ROC is usually used to analyze the performance of classifiers in data mining. ROC convex hull (ROCCH) is the least convex major-ant (LCM) of the empirical ROC curve, and covers potential optima for the given set of classifiers. Generally, ROC performance maximization could be considered to maximize the ROCCH, which also means to maximize the true positive rate (tpr) and minimize the false positive rate (fpr) for each classifier in the ROC space. However, tpr and fpr are conflicting with each other in the ROCCH optimization process. Though ROCCH maximization problem seems like a multi-objective optimization problem (MOP), the special characters make it different from traditional MOP. In this work, we will discuss the difference between them and propose convex hull-based multi-objective genetic programming (CH-MOGP) to solve ROCCH maximization problems.
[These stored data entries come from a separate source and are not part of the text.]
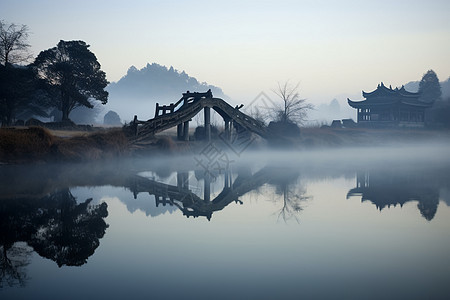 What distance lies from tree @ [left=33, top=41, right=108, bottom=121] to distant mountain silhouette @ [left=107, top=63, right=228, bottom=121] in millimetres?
134393

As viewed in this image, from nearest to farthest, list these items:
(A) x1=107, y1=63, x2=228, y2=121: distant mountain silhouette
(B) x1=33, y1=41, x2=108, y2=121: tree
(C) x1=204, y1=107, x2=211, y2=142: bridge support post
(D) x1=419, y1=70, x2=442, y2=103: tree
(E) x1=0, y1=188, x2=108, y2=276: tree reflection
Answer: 1. (E) x1=0, y1=188, x2=108, y2=276: tree reflection
2. (C) x1=204, y1=107, x2=211, y2=142: bridge support post
3. (B) x1=33, y1=41, x2=108, y2=121: tree
4. (D) x1=419, y1=70, x2=442, y2=103: tree
5. (A) x1=107, y1=63, x2=228, y2=121: distant mountain silhouette

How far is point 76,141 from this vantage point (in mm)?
25188

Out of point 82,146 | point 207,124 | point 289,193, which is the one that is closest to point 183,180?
point 289,193

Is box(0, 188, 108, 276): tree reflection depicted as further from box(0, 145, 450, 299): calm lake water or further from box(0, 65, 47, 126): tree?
box(0, 65, 47, 126): tree

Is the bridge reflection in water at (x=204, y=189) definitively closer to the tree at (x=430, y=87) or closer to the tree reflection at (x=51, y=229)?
the tree reflection at (x=51, y=229)

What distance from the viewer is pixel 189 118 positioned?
29.4m

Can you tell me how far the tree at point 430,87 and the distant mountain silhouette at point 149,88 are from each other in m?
111

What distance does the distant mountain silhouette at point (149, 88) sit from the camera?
591 ft

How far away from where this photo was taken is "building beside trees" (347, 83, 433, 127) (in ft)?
197

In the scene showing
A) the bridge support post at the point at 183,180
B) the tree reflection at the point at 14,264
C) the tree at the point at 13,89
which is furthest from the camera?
the tree at the point at 13,89

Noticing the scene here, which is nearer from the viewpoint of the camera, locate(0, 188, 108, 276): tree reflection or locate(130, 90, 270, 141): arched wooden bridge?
locate(0, 188, 108, 276): tree reflection

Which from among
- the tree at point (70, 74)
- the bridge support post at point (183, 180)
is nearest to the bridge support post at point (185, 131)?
the bridge support post at point (183, 180)

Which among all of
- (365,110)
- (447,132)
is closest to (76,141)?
(365,110)

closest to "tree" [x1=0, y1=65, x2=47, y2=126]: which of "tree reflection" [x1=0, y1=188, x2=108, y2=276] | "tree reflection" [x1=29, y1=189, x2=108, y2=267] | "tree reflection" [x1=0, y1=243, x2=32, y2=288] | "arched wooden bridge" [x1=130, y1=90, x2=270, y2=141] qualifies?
"arched wooden bridge" [x1=130, y1=90, x2=270, y2=141] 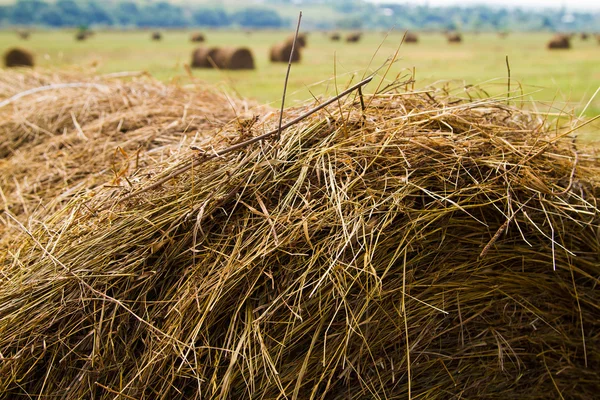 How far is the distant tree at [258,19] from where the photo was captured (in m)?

Convex hull-based sort is an indicator based selection scheme that aims to maximize the area under convex hull, which serves as a unary indicator for the performance of a set of points. A selection procedure is described that can be efficiently implemented and follows similar design principles than classical hyper-volume based optimization algorithms. It is hypothesized that by using a tailored indicator-based selection scheme CH-MOGP gets more efficient for ROC convex hull approximation than algorithms which compute all Pareto optimal points. To test our hypothesis we compare the new CH-MOGP to MOGP with classical selection schemes, including NSGA-II, MOEA/D) and SMS-EMOA. Meanwhile, CH-MOGP is also compared with traditional machine learning algorithms such as C4.5, Naive Bayes and Prie. Experimental results based on 22 well-known UCI data sets show that CH-MOGP outperforms significantly traditional EMOAs.